Like many professionals, my job requires expertise in data and analytics. For me, this is great, because I’m an executive consultant and coach who loves analyzing data, and I deal with C-Suite executives who demand a strong ROI. As I move through an organization, I frequently find managers who are in incredibly important middle-management positions who lack the vital data their supervisors possess. 

Our firm’s research has found this dynamic in hundreds of organizations of all types, including corporations, privately-held firms, nonprofits, and faith-based organizations. These findings in our studies are valid and relevant because they are indexed on 24 identical organizational performance indicators.
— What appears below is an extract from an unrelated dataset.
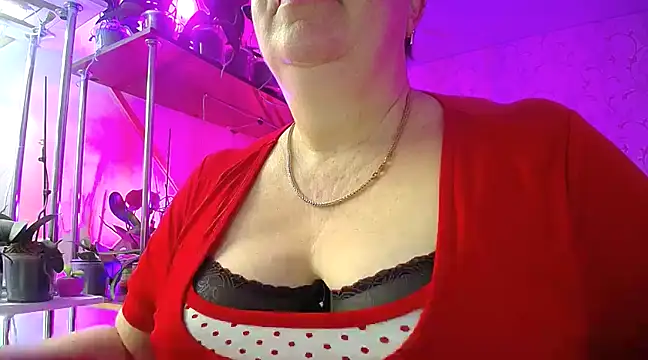 Snapshot of _Sweet_Woman chatting on February 1, 5:28 am  Sweet Woman online show from February 1, 5:28 am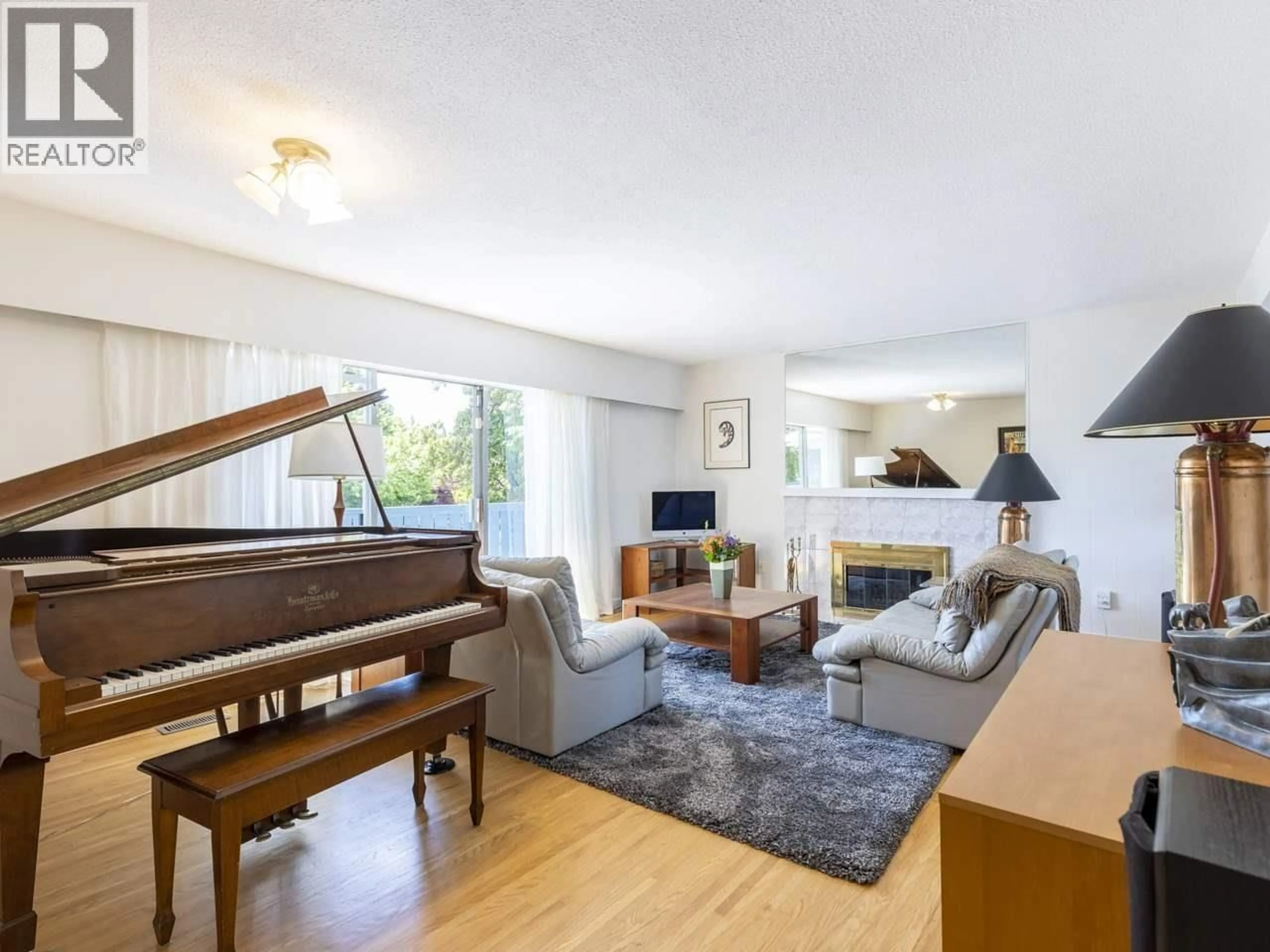 Living room with furniture, wood/laminate floor for 3111 BLUNDELL ROAD, Richmond British Columbia V7C1G2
This provides our clients—and you, our readers—with a benchmark to improve your organization’s health and growth.

To make insightful decisions, you need more than basic information and gut instincts. Although these experiences help you manage, they don’t zero in on the four growth drivers you need to build your organization. Fortunately, I have had the opportunity and the time to work with some brilliant and enlightened CEOs. They focus on improving their organizations regardless of what their data might show. With this data in hand, here are four drivers from our research of high-performance organizations that every manager should understand.

Driver 1. Organizational performance starts with alignment

To rethink an organization’s alignment, the leadership team must be willing to assess its employees, processes and systems honestly. These factors, along with many related marketplace issues, all impact an organization’s alignment. The need for a fully aligned organization is compounded by today’s fast-paced marketplace, where rapid change is the standard.

There are no shortcuts to success. All market sectors are being impacted, and many need to consider significant organizational transformations in response to new market demands. For example, online education has opened up new markets and has also created an environment that all educational institutions must address to remain relevant. An organization that has not aligned itself to these realities has little chance to stay current. This change is both exciting and challenging.

Driver 2. Integration brings everyone together

Every organization that seeks high performance needs integration of purpose and action. All too often, organizations have a set of stated goals and strategies but lack the culture to implement them. This can lead to a “Putting out the fires” mentality.

Organizational integration is the process of implementing a well-defined — and aligned — set of goals, values and operations. Organizations without strong integration cannot effectively execute plans. It can neither make quick decisions nor deliver on them. Moreover, this will inevitably lead to business losses.

Timing is everything in so many internal decisions. As a result, organizations that can confidently choose productive directions will deliver faster, better results. Integration produces decisions that are based on aligned purposes and values. When all team members know what should be done for the best outcome, decisions flow naturally. 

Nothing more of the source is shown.